Software: fldigi or wsjt-x on Ubuntu Linux using the digimode interface BX-120 from funkamateur.de. I am logging with cqrlog and survey my station's TX/RX performance with pskreporter. For APRS I like XASTIR and when I'm chasing DX I visit DXHeat. My logs are periodically uploaded to Clublog.

 

Operating:

DL8SDL is operating QRP only (<= 5W) and only digimodes. Occasionally 2m/70cm/23cm FM mobile, portable or APRS.
When I'm not operating I work or enjoy gardening - while listening to the music of The Doors, The Dead Kennedys, Crosby, Stills and Nash or The Ramones.

 

QSLing:

All my shortwave QSO's from 2005 on are in the eQSL and in the Clublog database. New QSO data is automagically uploaded to eQSL by the fldigi software. Older QSOs before 2005 have been QSL'd with paper QSL via the bureau at that time. As I operate VHF/UHF only mobile or portable I can't keep track of my QSOs there. So if one QSL is missing please contact me, I'll resend it. Or use OQRS. I strongly prefer the eQSL service and the LOTW over paper QSLs - we need our amateur radio clubs as an efficient lobby against half-baked new restrictions, not as a postcard service.

 

APRS, Weather, Paging and Packet Radio:

In my youth I was a packet radio aficionado - At a time 10 years before the invention of the AOL CD when nobody knew "Internet" there was a massive amount of young people (aged 15..25) active in packet radio. We were online 24/7 - among the first people they call "digital natives" today. Back then, our social media worked via textmode chat and file transfer over a radio network we built from scratch and we maintained and enlarged it by ourselves - what a great experience! There was amateur radio voice mail back then and we often met in real life. We even had "online dating" in Packet Radio - resulting in two married couples with four children today.

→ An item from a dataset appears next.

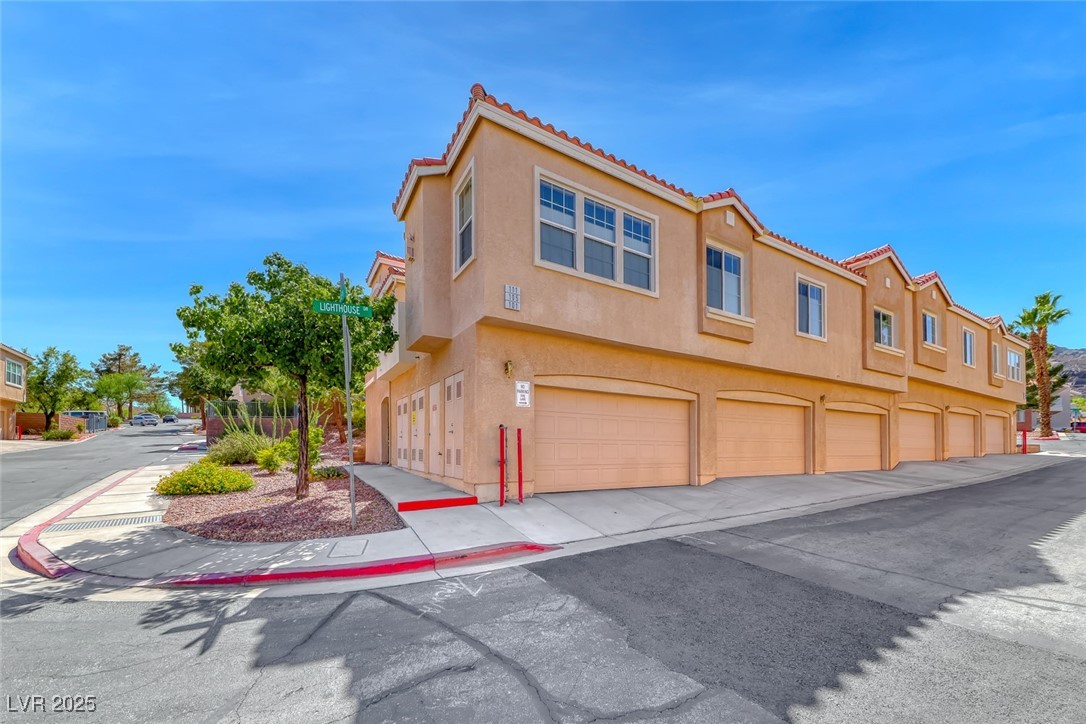 105 Lighthouse Drive #105, Boulder City 89005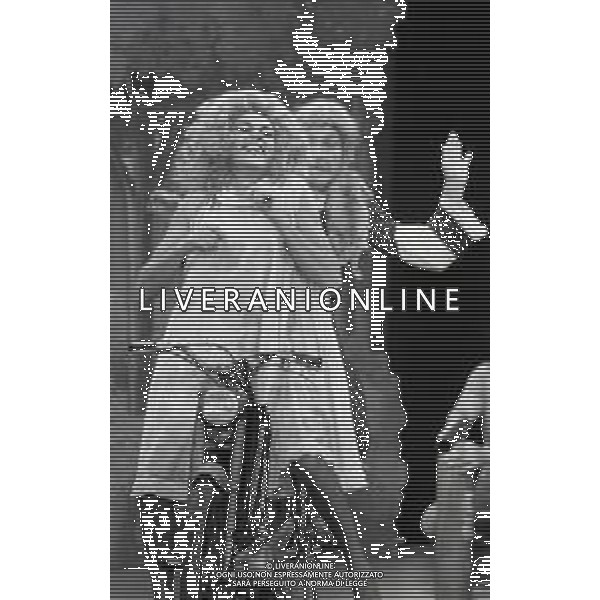 RETROSPETTIVA FELICE MUSAZZI ATTORE TEATRALE NELLA FOTO FELICE MUSAZZI E TONY BARLOCCO CON LA COMPAGNIA TEATRALE I LEGNANESI NEL RUOLO DI TERESA NELL\'ANNO 1980 A MILANO AG ALDO LIVERANI SAS 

The Packet Radio network is long gone, but APRS and POCSAG paging are still valuable assets for amateur radio as they allow messaging from everywhere. I help maintaining these networks by operating the stations DB0XHI, DM0AI, DB0WUB and DB0PRT. As I am over 35 now I behave accordingly and don't use today's "social media" - these are made for 14-year old brains and are a rip-off compared to what we created by ourselves in the '90s.

 

Satellite:

The geostationary satellite "QO-100" is the coolest thing since sliced bread, so I built a TX/RX converter unit to take part in the fun:

As uplink radio I am using a modified old German point-to-point radio link system "FM-DT/2400". These long-range 2430MHz-data transmission systems were used in Northern Germany at a time when WiFi was non existent in this band. Robust construction, built like a tank, a multitude of copper tube combline filters, semirigid cables and milled and plated RF enclosures with SMA connectors. Its LO is a fairly modern design, stabilized with a PLL /DDS unit using a 100MHz OCXO as master reference. After reprogramming the DDS, tuning the LO to 2255MHz and retweaking the filters my FT-817's 145MHz TX signal is now converted to about 6 watts peak output power on the QO-100 uplink frequency. Unfortunately I could not get my hands on one of the wonderful 120cm/60cm primefocus dishes of the original radiolink system so my transmission antenna is a 24dBi WiFi grid antenna

The downlink LNB is a  "Octagon OQSLG" LNB fit in my house's satellite TV reception dish. I modified the LNB to add an external 25MHz reference input that uses the TX converter's 100MHz OCXO frequency divided by four. The third multiple of the TX converter's OCXO frequency (300MHz) converts the LNB's output frequency to 439MHz for reception with my FT-817.

 

BCL'ing:

I was a passionate radio listener till 1999 - at that time radio in Germany changed drastically and shifted to a homogenous 24h "formatted" program schedule abolishing seperate program hours with different music and talk genres during the day. The quality of the news and presentation is still declining leaving only the talk stations "Deutschlandfunk" and "Deutschlandfunk Kultur" really worth listening. By now I have embraced internet streaming radio and podcasts - because when a radio station is managed like this I won't bother listening to it for one minute.